Nanomedicine, Volume I: Basic Capabilities
© 1999 Robert A. Freitas Jr. All Rights Reserved.
Robert A. Freitas Jr., Nanomedicine, Volume I: Basic Capabilities, Landes Bioscience, Georgetown, TX, 1999
Numerous simple actuators have been developed for microelectromechanical systems or MEMS.1232,1253-1255,1267-1269 A few of these designs might possibly be useful in early nanomedical systems. All major components of an articulated micromanipulator having multiple degrees of freedom, workspaces on the order of 1 mm3, positional resolution up to ~10 nm, operating frequencies up to 10 KHz, and slewing speeds up to 4 mm/sec have been demonstrated experimentally; complete systems have even been proposed.346,1253,1254
Actuation and manipulation may be very broadly defined. For example, self-assembling and self-disassembling ~300 micron gold foil cubes have been fabricated and cycled repeatedly at ~1 Hz;1251 "silicon origami" has also been described.1382 Nonmechanical actuation has also been explored. In the Magnetic Stereotaxis System,1256 a helmet with a cubic array of six superconducting coils is used to apply a 0.2 N force to a 3.2-mm wide, 4.7-mm long permanently magnetized cylindrical pellet that is embedded in brain material, causing stepped movement of the pellet through the brain material to a specified location with ~1 mm placement accuracy without any direct physical contact.

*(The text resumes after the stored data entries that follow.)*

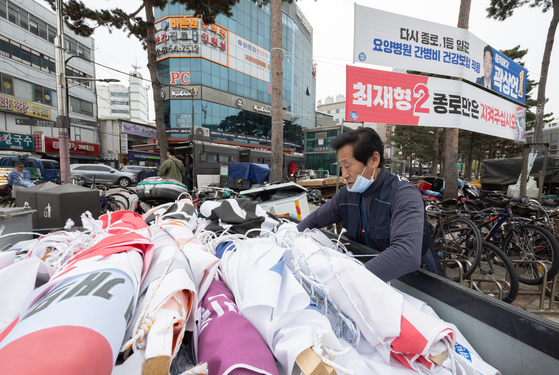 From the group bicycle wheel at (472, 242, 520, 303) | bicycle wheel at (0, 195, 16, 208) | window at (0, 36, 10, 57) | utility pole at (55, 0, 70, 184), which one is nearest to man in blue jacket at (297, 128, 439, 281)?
bicycle wheel at (472, 242, 520, 303)

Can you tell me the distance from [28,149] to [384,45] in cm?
2914

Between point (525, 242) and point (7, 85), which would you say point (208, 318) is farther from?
point (7, 85)

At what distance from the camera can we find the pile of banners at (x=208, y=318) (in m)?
0.49

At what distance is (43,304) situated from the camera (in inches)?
22.0

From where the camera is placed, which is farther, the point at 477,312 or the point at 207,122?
the point at 207,122

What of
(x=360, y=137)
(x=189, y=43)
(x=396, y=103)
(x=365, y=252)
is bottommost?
(x=365, y=252)

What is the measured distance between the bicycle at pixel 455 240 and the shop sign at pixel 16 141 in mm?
29108

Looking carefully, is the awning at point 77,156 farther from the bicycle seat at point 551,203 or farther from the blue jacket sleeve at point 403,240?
the bicycle seat at point 551,203

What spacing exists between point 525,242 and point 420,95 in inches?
110

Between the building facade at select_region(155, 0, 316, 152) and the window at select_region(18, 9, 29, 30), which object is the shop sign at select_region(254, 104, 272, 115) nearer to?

However, in the usual definition of a manipulator, an ergomechanical transducer (e.g., motors; Chapter 6) converts chemical, electrical, mechanical, acoustical, or some other form of energy into the mechanical energy of a manipulatory device which then exerts useful forces on objects or materials in the environment. In most cases a force-transmitting physical structure is required which may include both heavy load-bearing elements such as girders, struts, pneumatic tubes or rotary joints, and fine control elements such as stress cables, valves or switches (Section 9.3.1). An end-effector (e.g., gripper, cutter or molecular jig) is usually employed to focus and redirect the application of force at the distal end of the manipulation device (Section 9.3.2), or to perform specialized tasks. Sensors permit feedback control of manipulator motions as well as verification that the assigned manipulatory task has been properly executed (Section 9.3.3). Large numbers of manipulators can form ciliary arrays, allowing convenient mass transport of materials (Section 9.3.4); other classes of manipulators may be useful in bulk disassembly of materials (Section 9.3.5).
The diverse concepts outlined in this Section demonstrate the enormous range of possible nanomanipulator designs. These concepts are not intended as specific engineering proposals but rather as illustrations of certain useful classes of manipulators representing alternative design pathways that could provide the desired capability. No effort has been made to produce optimal systems that minimize energy dissipation, maximize speed, minimize parts count, or simplify manufacture. Biocompatibility issues3234 will be addressed in Chapter 15.